#### [Exercise directions]
Copy out the entries exactly, and wherever a picture appears, leave it out.

════════

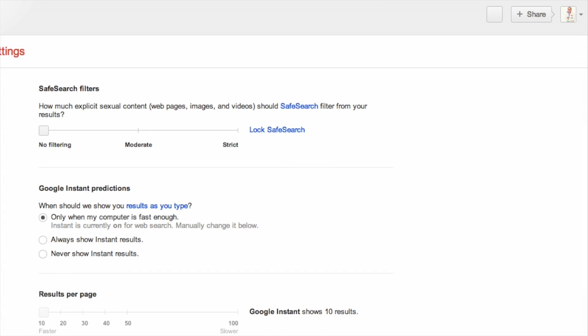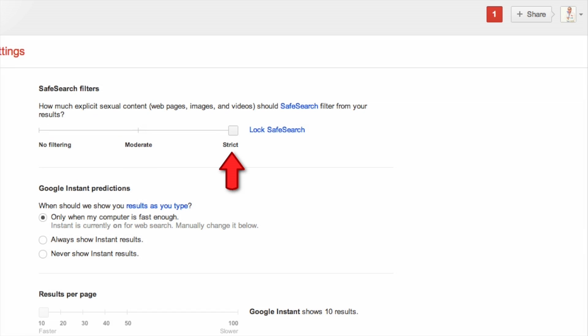Now you can control your Safe Search settings: no filter, moderate filter, or strictly filtering.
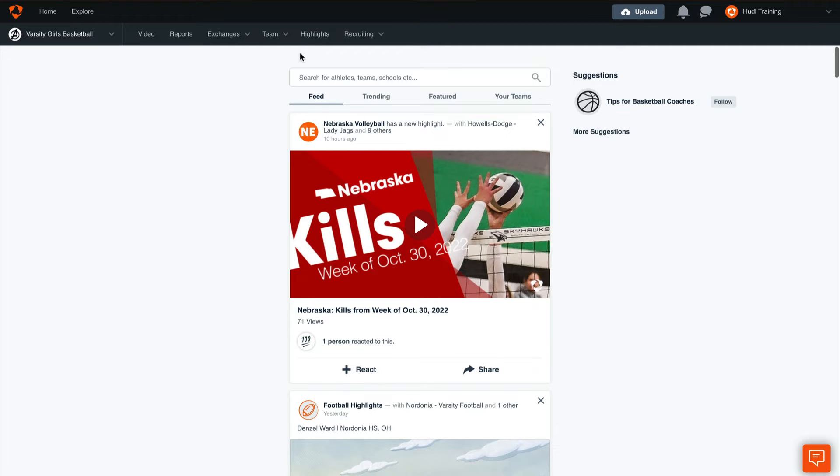Thanks for checking out Training with Hudl. Today we'll be going over how to add a new season and create schedule entries on your team.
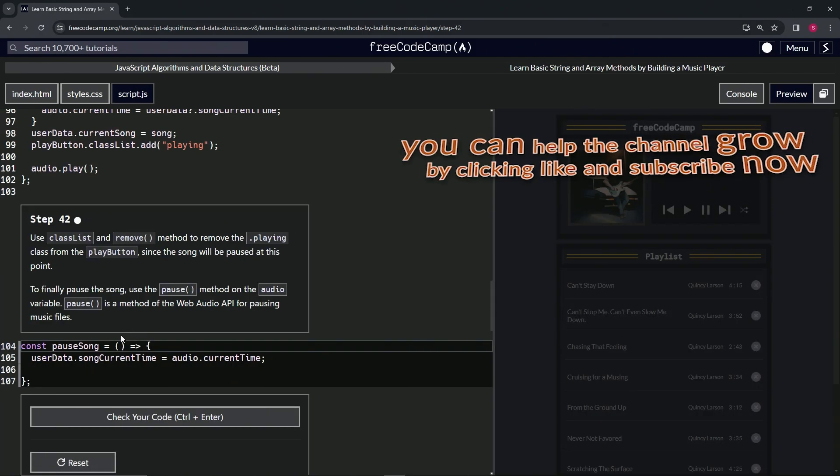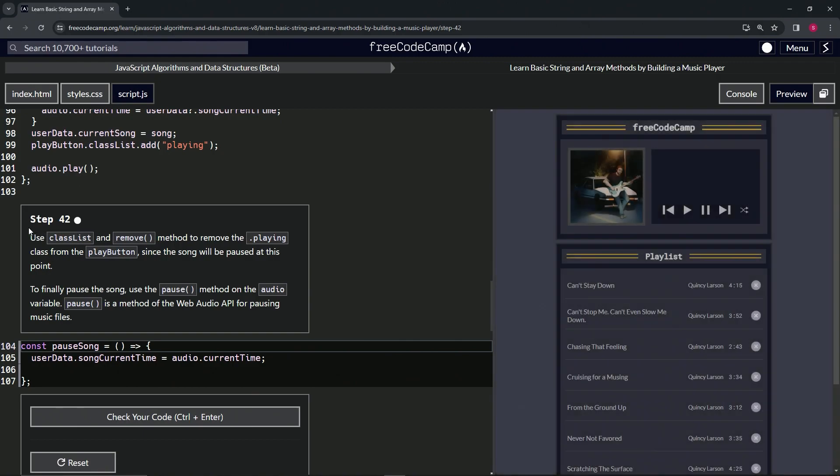Alright, now we're on to Step 42, and we'll see you next time.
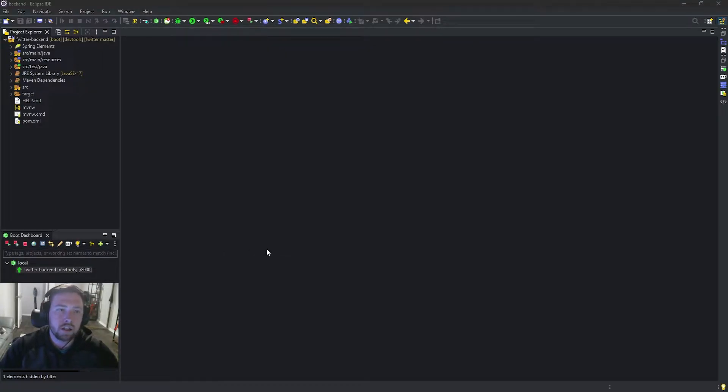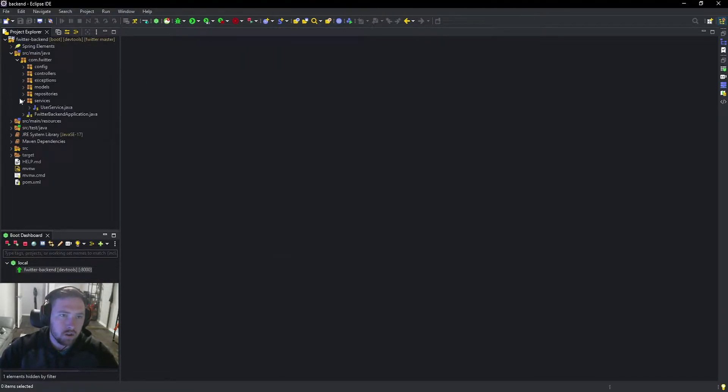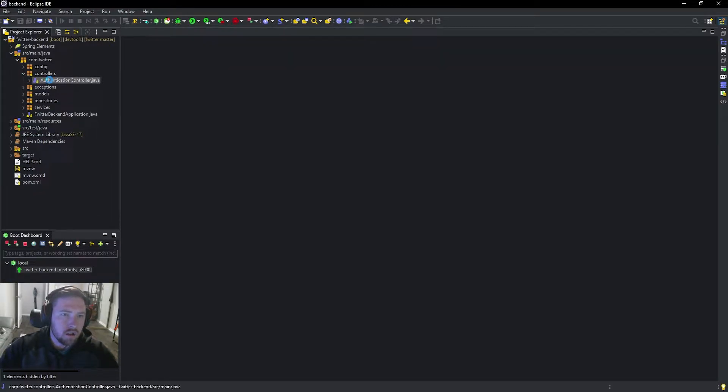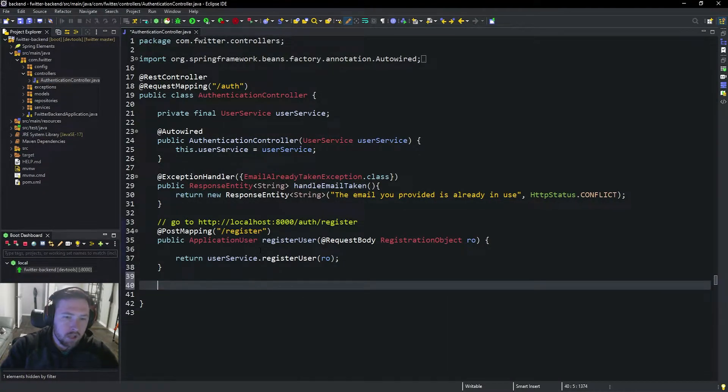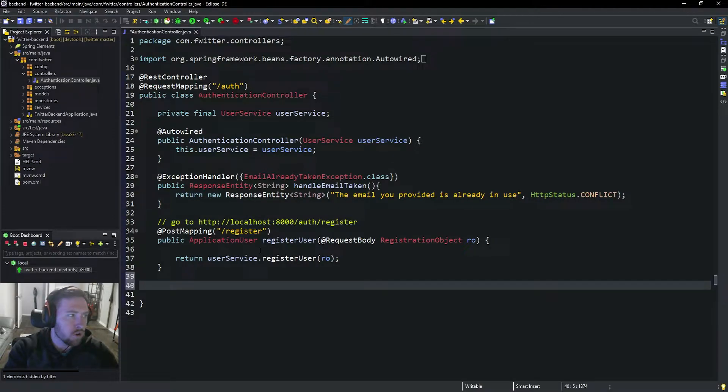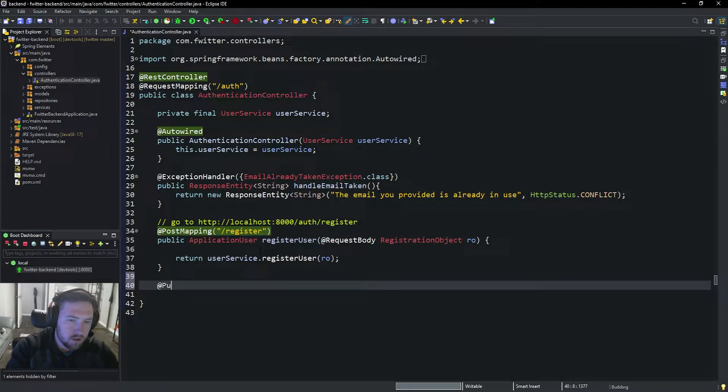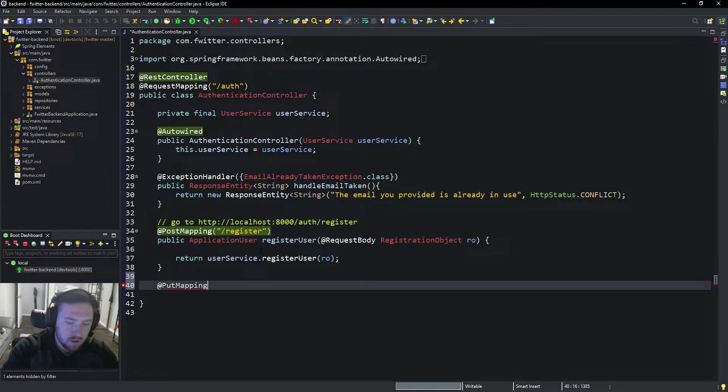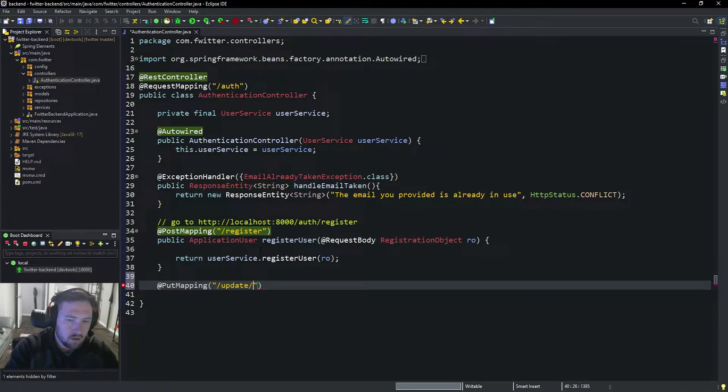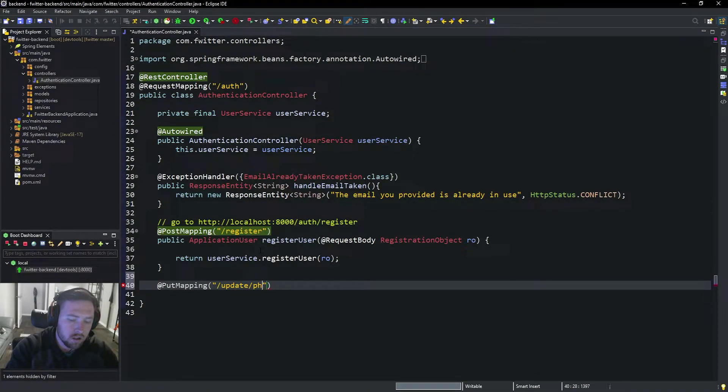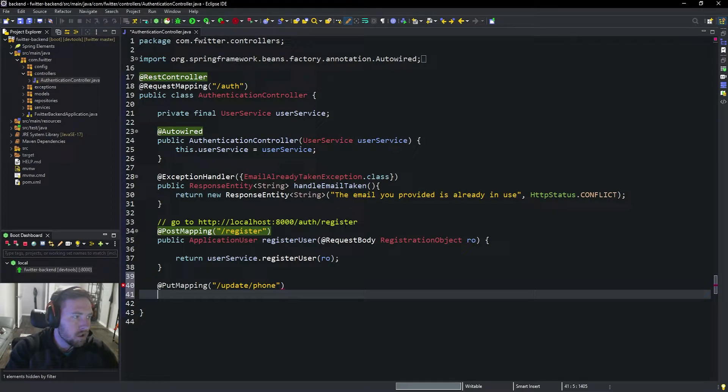Today we want to get our email verification code set up and our phone number set up. The first thing we're going to do is go into our authentication controller and make a new mapping that allows us to send over a phone number. I'm going to say @PutMapping and this is going to be to /update/phone. I'm sure I could just leave out the update part because the PUT mapping kind of says it's an update. This is going to be a public ApplicationUser updatePhoneNumber.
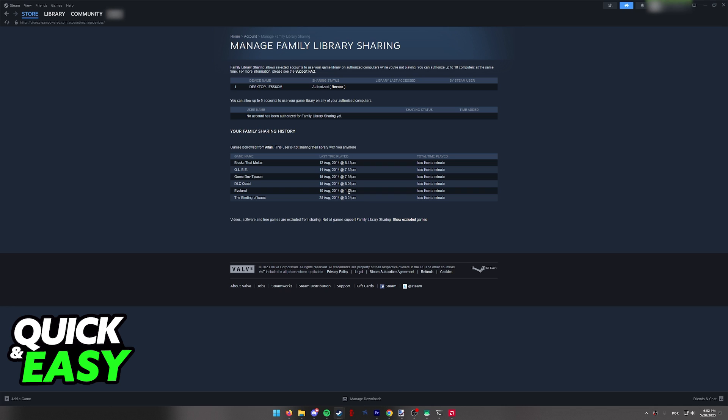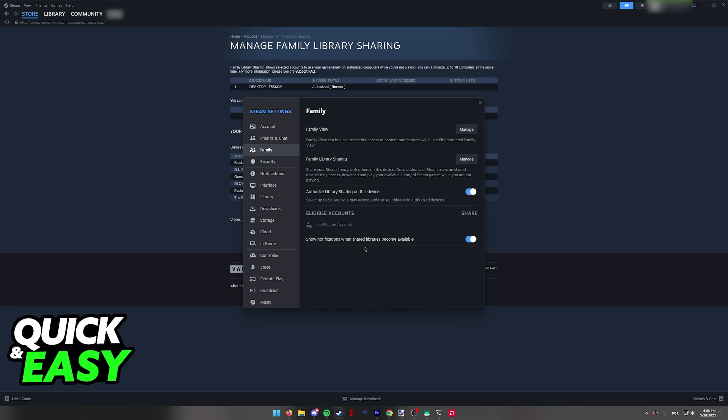All you have to do now is go to your library and you will immediately see all the games that are being shared. Afterwards, simply install any of them and start playing. As long as the Family Sharing option is enabled, you will be able to play any games that someone else owns.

════════

#### [Response to the exercise]
Now you can control your Safe Search settings: no filter, moderate filter, or strictly filtering.
Thanks for checking out Training with Hudl. Today we'll be going over how to add a new season and create schedule entries on your team.
Alright, now we're on to Step 42, and we'll see you next time.
Today we want to get our email verification code set up and our phone number set up. The first thing we're going to do is go into our authentication controller and make a new mapping that allows us to send over a phone number. I'm going to say @PutMapping and this is going to be to /update/phone. I'm sure I could just leave out the update part because the PUT mapping kind of says it's an update. This is going to be a public ApplicationUser updatePhoneNumber.
All you have to do now is go to your library and you will immediately see all the games that are being shared. Afterwards, simply install any of them and start playing. As long as the Family Sharing option is enabled, you will be able to play any games that someone else owns.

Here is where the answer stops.